_What needs to be done:_ Only the images get left out; everything else in the records is to be transcribed exactly.

_Extracted entries:_
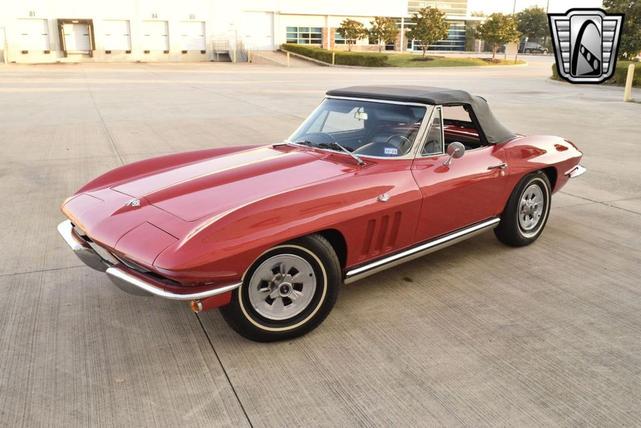 Photo of 1965 Red Chevrolet Corvette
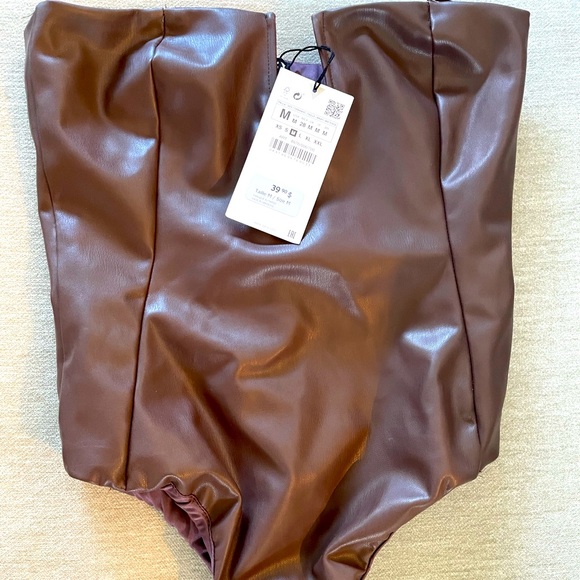 Super Cute Faux Leather Bodysuit Zara - Picture 1 of 2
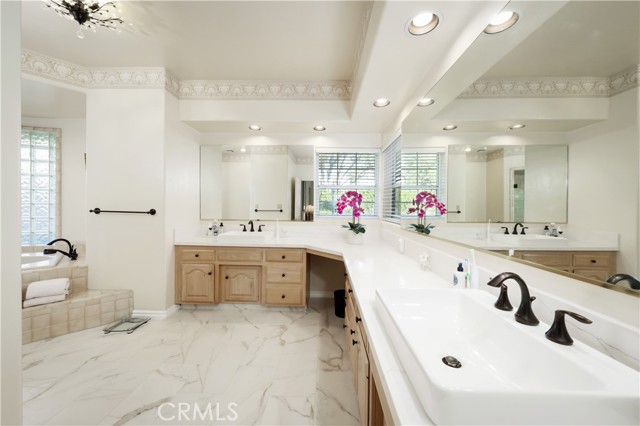 Detail Gallery Image 11 of 54 For 7301 Calle Sagrada, Bakersfield,  CA 93309 - 5 Beds | 4 Baths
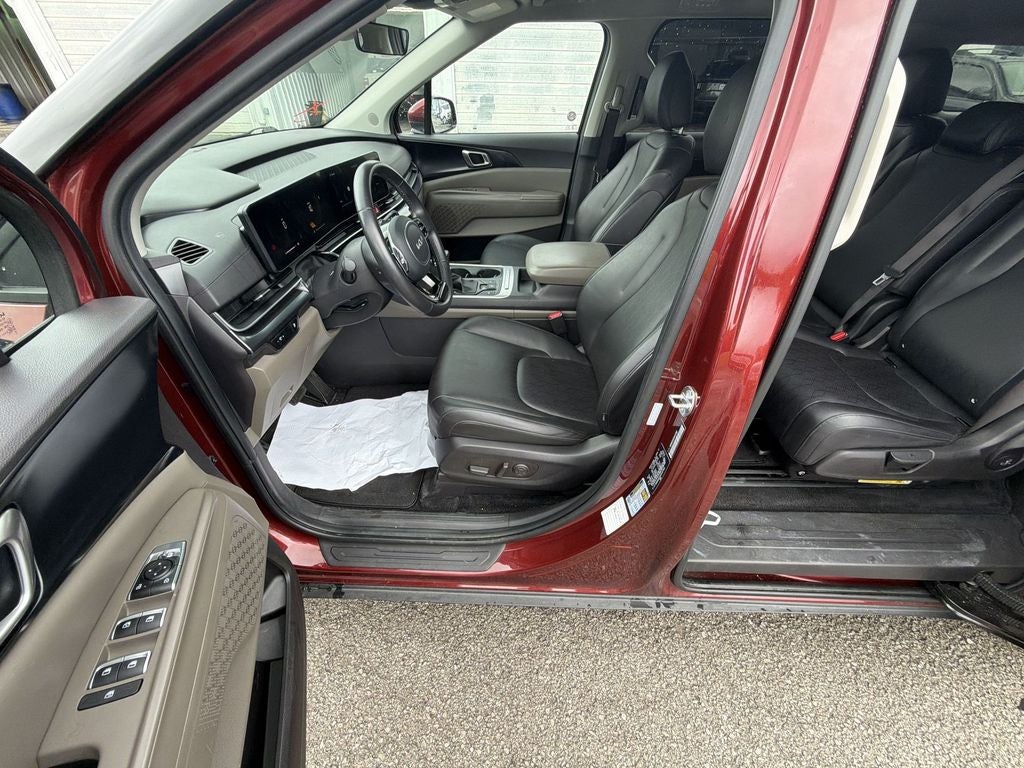 2025 Kia Carnival LXS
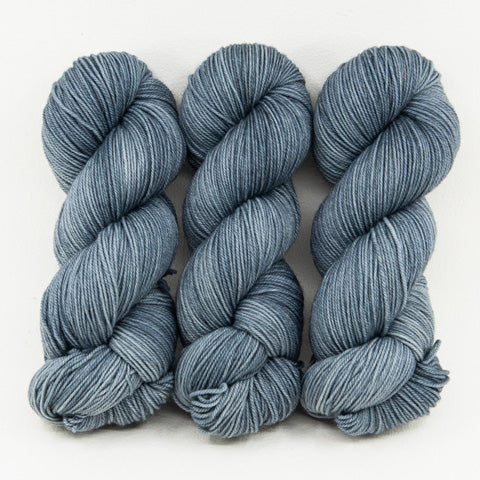 City Girl Chic 3 - Revival Worsted - Dyed Stock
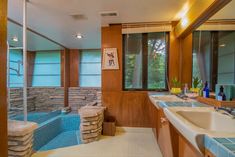 a bathroom with two sinks and a large bathtub in the middle of the room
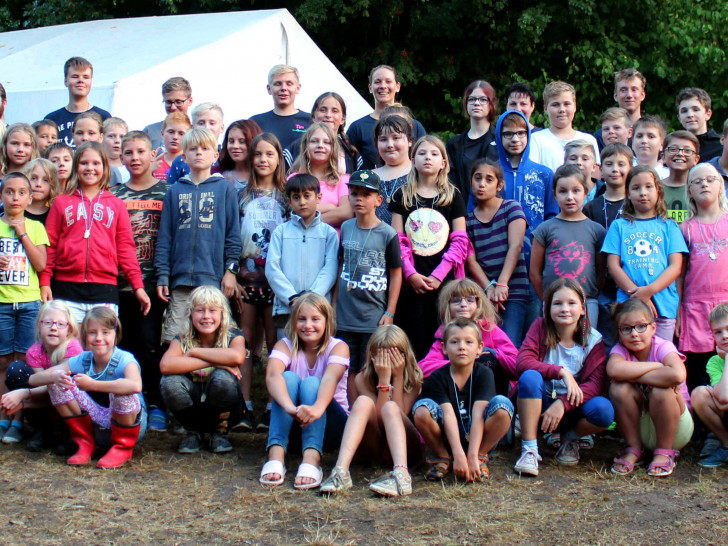 Gruppenfoto im Zeltlager. Foto: Bernd-Uwe Meyer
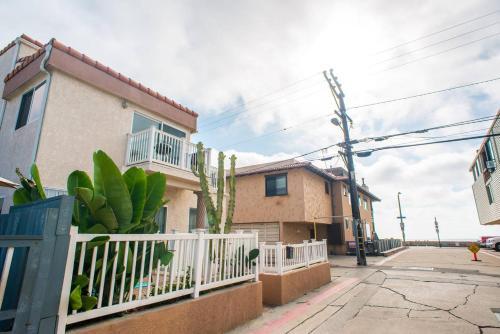 Three-bedroom, Two-bath Home In Mission Beach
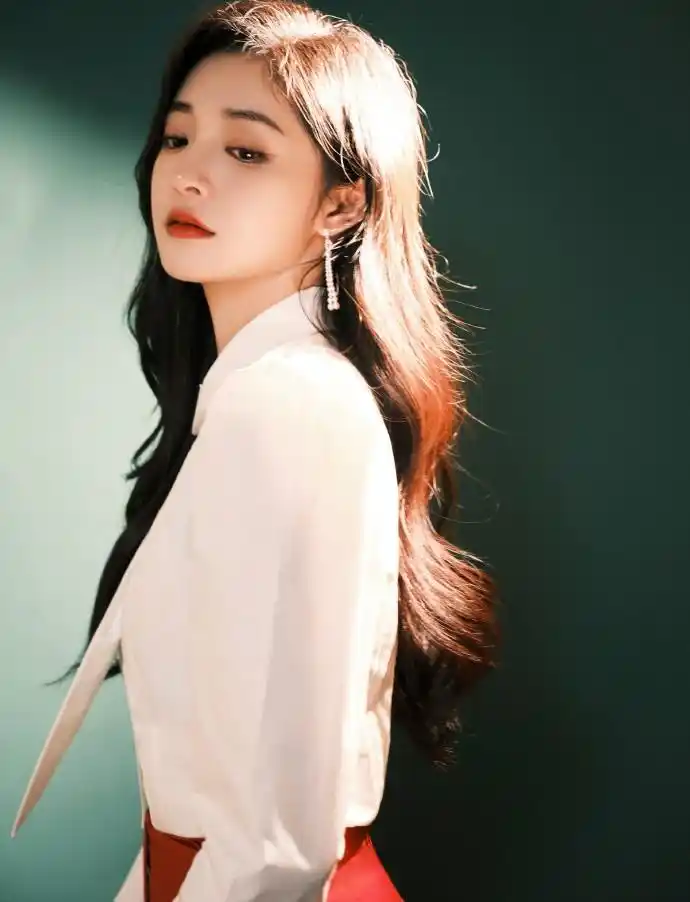 好看的明星壁纸:周洁琼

_Exercise result:_
 Photo of 1965 Red Chevrolet Corvette
 Super Cute Faux Leather Bodysuit Zara - Picture 1 of 2
 Detail Gallery Image 11 of 54 For 7301 Calle Sagrada, Bakersfield,  CA 93309 - 5 Beds | 4 Baths
 2025 Kia Carnival LXS
 City Girl Chic 3 - Revival Worsted - Dyed Stock
 a bathroom with two sinks and a large bathtub in the middle of the room
 Gruppenfoto im Zeltlager. Foto: Bernd-Uwe Meyer
 Three-bedroom, Two-bath Home In Mission Beach
 好看的明星壁纸:周洁琼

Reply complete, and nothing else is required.